- Soom Tea Garden Location in West Bengal, India Soom Tea Garden Soom Tea Garden (India)
- Coordinates: 27°04′34″N 88°13′53″E﻿ / ﻿27.0762°N 88.2315°E
- Country: India
- State: West Bengal
- District: Darjeeling

Population (2011)
- • Total: 3,578
- Time zone: UTC+5:30 (IST)
- PIN: 734 104
- Lok Sabha constituency: Darjeeling
- Vidhan Sabha constituency: Darjeeling
- Website: darjeeling.gov.in

= Soom Tea Garden =

Soom Tea Garden is a village in the Darjeeling Pulbazar CD block in the Darjeeling Sadar subdivision of the Darjeeling district in the state of West Bengal, India.

==Etymology==
Soom is a Lepcha word meaning triangle. The tea garden is triangular in shape.

==History==
Soom Tea Garden was planted by J.Jerdin in 1860. Williamson Magor and Company owned the garden for a century. The Chamong Group took control of Soom Tea Garden, then in bad shape, in 2001.

==Geography==

===Location===
Soom Tea Garden is located at .

Soom Tea Garden is located 18 km from Darjeeling. It is bounded by North Tukvar Tea Estate in the north, Phoobsering Tea Estate in the east and Singtam Tea Garden in the south.

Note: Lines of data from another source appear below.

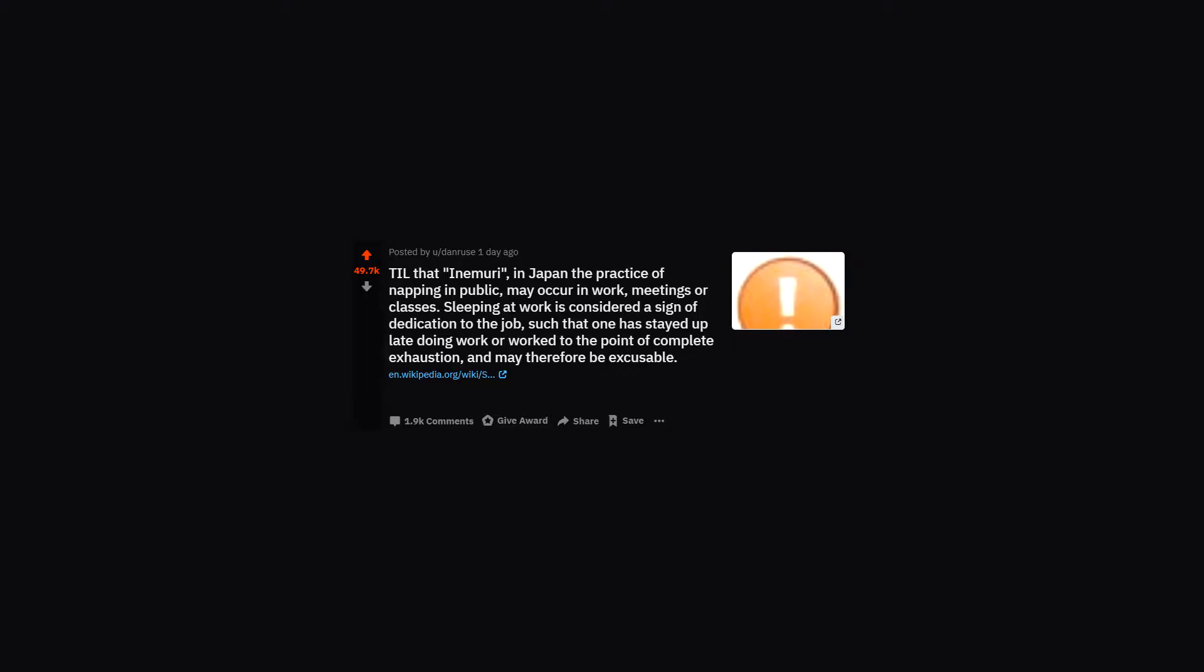TIL that in Inemuri, in Japan the practice of napping in public may occur in work meetings or classes. Sleeping at work is considered a sign of dedication to the job, such that one has stayed up late doing work or worked to the point of complete exhaustion, and may therefore be excusable.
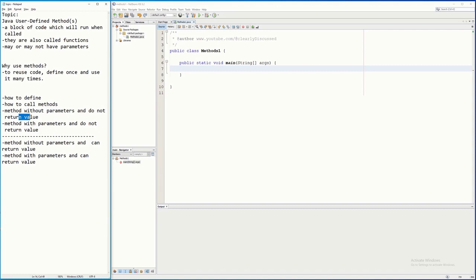This is what we call a void method. On the next video I will be discussing methods that can return a value, so that this video will not be too long. Let's go ahead and look at our program now.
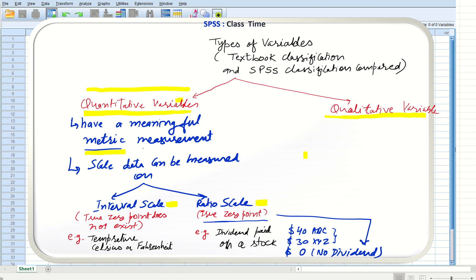Zero value in a ratio scale means absence of that particular thing — zero money means no money, zero salary means no salary. In an interval scale, however, there is no true zero. For example, 30 degrees Celsius is 10 degrees more than 20 degrees Celsius, but zero degrees Celsius does not mean temperature is absent. Temperature in Celsius and Fahrenheit is a classic example of interval scale, which lacks a true zero, whereas ratio scale has a true zero. Both are quantitative variables.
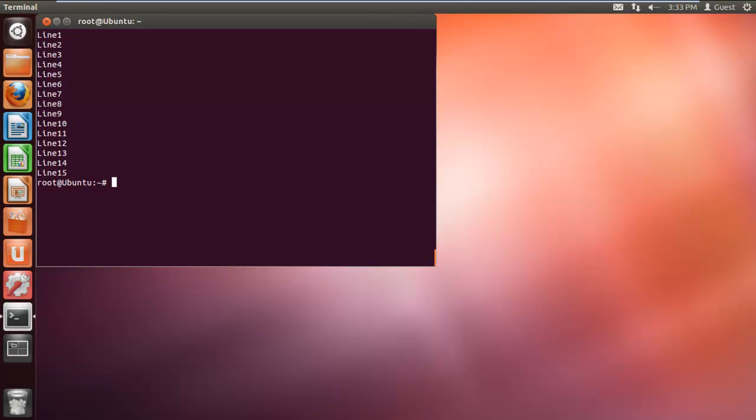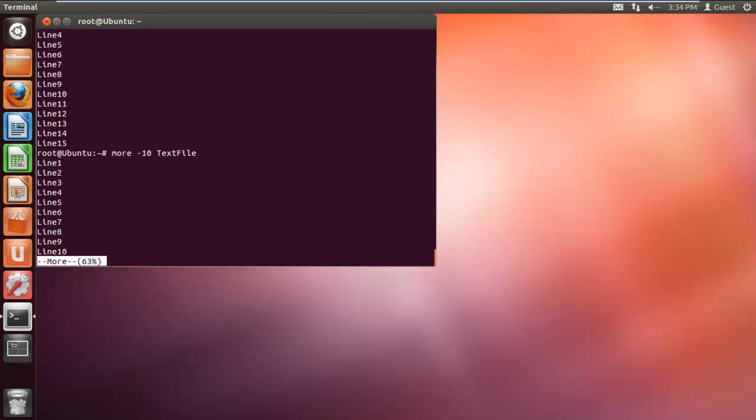You can also associate numbers with the more command. Let's look at an example. If we type more space minus 10 space textfile and hit enter, you will see that only the data until line number 10 is displayed. This is actually what the number tag does. It only displays the text up until the number specified.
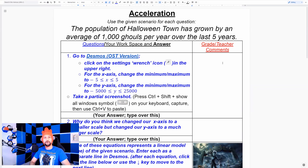Hello everyone and welcome to another episode of Math and Silly Hats. Today we're going to be going over some linear equation modeling problems — in other words, word problems that involve modeling through a linear equation of a population. I have here a word problem, or bell work, where we are asked to use this scenario: the population of Halloween Town has grown by an average of a thousand ghouls per year over the last five years.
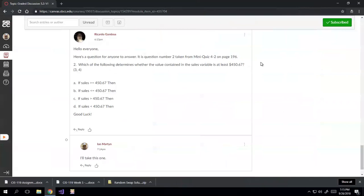Alright everyone, today I'm looking at Ricardo Gambola's question: which of the following determines whether the value contained in the sales variable is at least $450.67? My answer is going to be A: if sales is greater than or equal to $450.67, then. That means the value is at least, or greater than or equal to, $450.67.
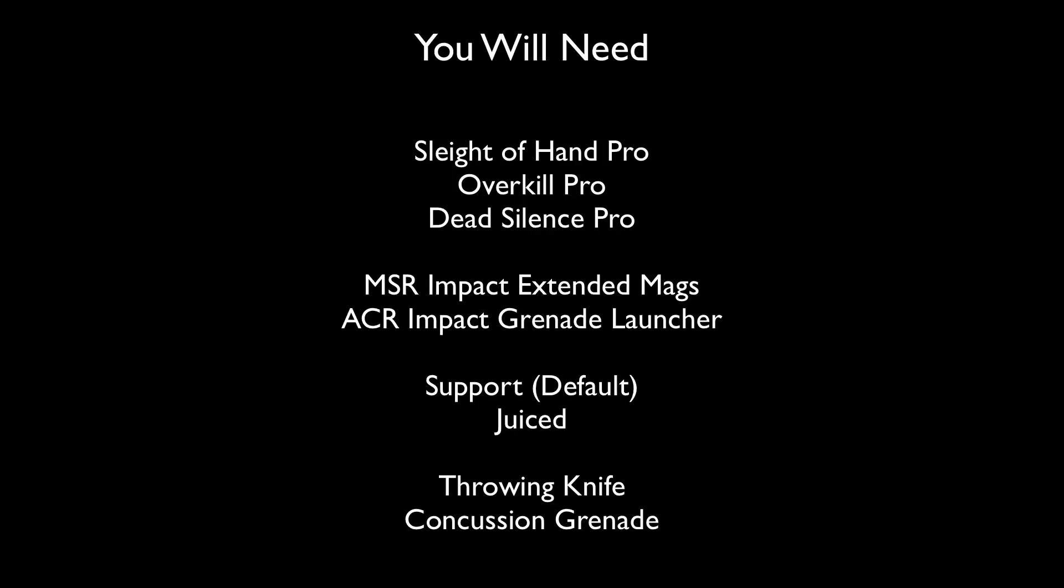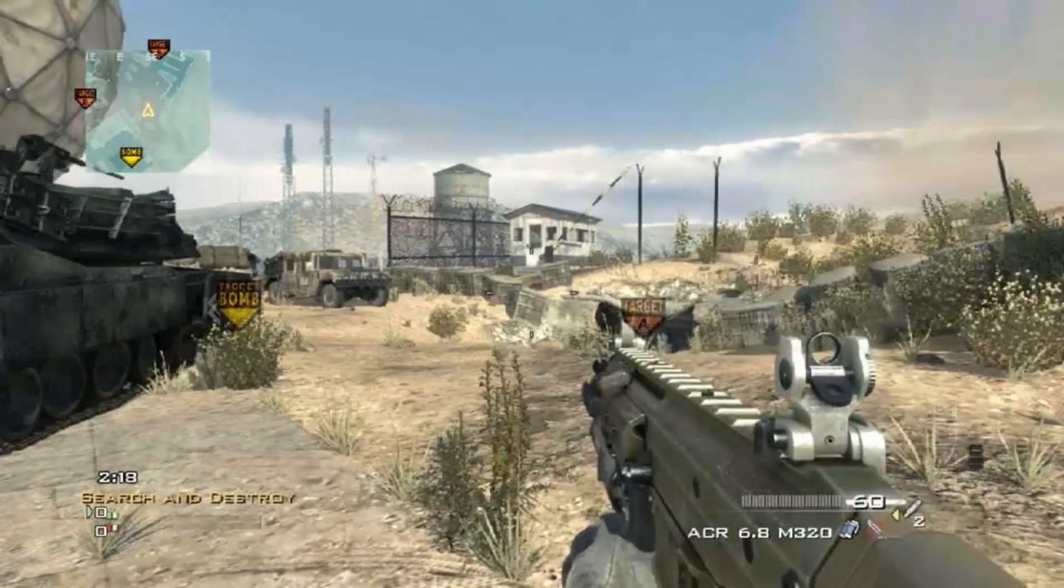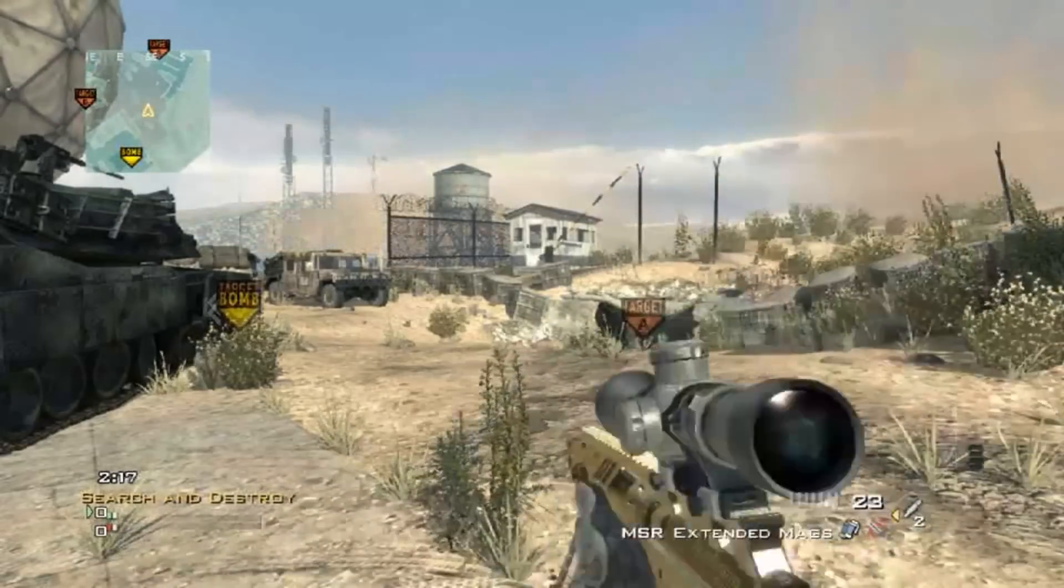Basically, what you do is go start off with your ACR, then spin it out.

The planted area of the tea garden is 237 ha at a height of 5300 ft.

===Area overview===
The map alongside shows the northern portion of the Darjeeling Himalayan hill region. Kangchenjunga, which rises with an elevation of 8586 m is located further north of the area shown. Sandakphu, rising to a height of 3665 m, on the Singalila Ridge, is the highest point in West Bengal. In Darjeeling Sadar subdivision 61% of the total population lives in the rural areas and 39% of the population lives in the urban areas. There are 78 tea gardens/ estates (the figure varies slightly according to different sources), producing and largely exporting Darjeeling tea in the district. It engages a large proportion of the population directly/ indirectly. Some tea gardens were identified in the 2011 census as census towns or villages. Such places are marked in the map as CT (census town) or R (rural/ urban centre). Specific tea estate pages are marked TE.

Note: The map alongside presents some of the notable locations in the subdivision. All places marked in the map are linked in the larger full screen map.

==Demographics==
According to the 2011 Census of India, Soom Tea Garden had a total population of 3,578 of which 1,757 (49%) were males and 1,821 (51%) were females. There were 290 persons in the age range of 0 to 6 years. The total number of literate people in Soom Tea Garden was 2,458 (68.70% of the population over 6 years).

Most of the residents are either Nepalese, like the Chettri, Brahman, Mukhia or from the Tibetan Buddhist tribes like the Rai, Limboo, Lepcha and Tamang.

==Economy==
Darjeeling tea from this garden mostly from Chinary cultivar and almost the entire production is exported to Europe. Soom Tea Garden is in the process of becoming fully bio-organic. It employs 692 permanent workers. The Chamong Group provides 500 houses. Many amongst the others are indirectly dependent on the tea garden.

===Chamong Group===
The Chamong Group is the largest producer of organic Darjeeling tea and Assam tea. It produces 3,000 tonnes annually and employs 10,000 persons (including 7,000 women). It owns 4 tea estates in Assam and 13 in Darjeeling. The tea estates in Darjeeling are: Pussimbing, Chamong, Tumsong, Lingia, Nagri Farm, Bannockburn, Dhajea, Shree Dwarika, Ging, Soom, Phoobsering, Tukdah and Marybong. It exports tea to the US, Europe, Japan and the Middle East.

==Education==
Soom has 3 local language primary schools and 1 English-medium primary school. There is a high school 2 km away.

==Healthcare==
The Chamong Group runs an 8-bed hospital with a visiting doctor and trained medical staff.